Włoskie wiadukty na A1 do rozbiórki. Są już na etapie prac wykończeniowych
Dwa wiadukty na budowanej autostradzie A1 postawione przez włoskie konsorcjum mają zostać wyburzone, choć ich obecny stan mógłby je kwalifikować do prac wykończeniowych. Niestety nie spełniają norm.
14.08.2018 | aktual.: 14.10.2022 14:52
Zalogowani mogą więcej
Możesz zapisać ten artykuł na później. Znajdziesz go potem na swoim koncie użytkownika
Generalna Dyrekcja Dróg Krajowych i Autostrad zamiast czekać na wykończenie dwóch wiaduktów, oczekuje harmonogramu rozbiórki. Okazało się, że jakość betonu użytego do ich budowy nie zgadza się z wyznaczonym standardem. Chodzi o obiekty nr 361 i 362 na węźle Częstochowa-Jasna Góra. Pozostałe obiekty na tym etapie trasy zostały zatwierdzone przez inżyniera, ponieważ beton użyty do ich budowy pochodzi od innego dostawcy.
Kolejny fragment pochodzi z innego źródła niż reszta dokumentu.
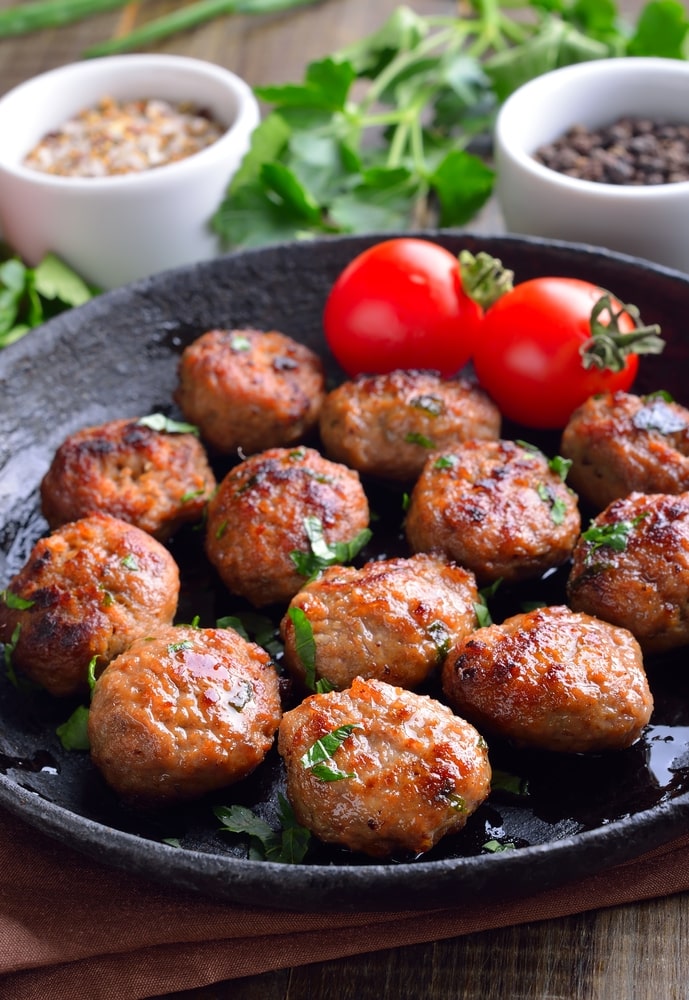 Easy Low Carb Chicken Meatballs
Jak donosi "Gazeta Wyborcza", włoska firma Salini broniła się jak mogła przed zarzutami. Dostarczyła nawet ekspertyzy, których wykonanie zlecono Politechnice Krakowskiej i Akademii Górniczo-Hutniczej. Jednak GDDKiA nie zatwierdziła tych obiektów po analizie stanu technicznego prawych pasów jezdni, a oficjalnie poinformował o tym Michał Mendrok, dyrektor katowickiego oddziału GDDKiA.
Włosi na pewno nie zdążą z realizacją projektu, którego ukończenie jest planowane na trzeci kwartał 2019 roku. Już teraz prace nad otwarciem nowego fragmentu A1 są mocno opóźnione, a rozbiórka i budowa nowych wiaduktów to oczywiście kolejne straty. Włoska firma odpowiada także za opóźnienia w budowie obwodnicy Marek koło Warszawy. GDDKiA nie dopuszcza jej do dalszych prac.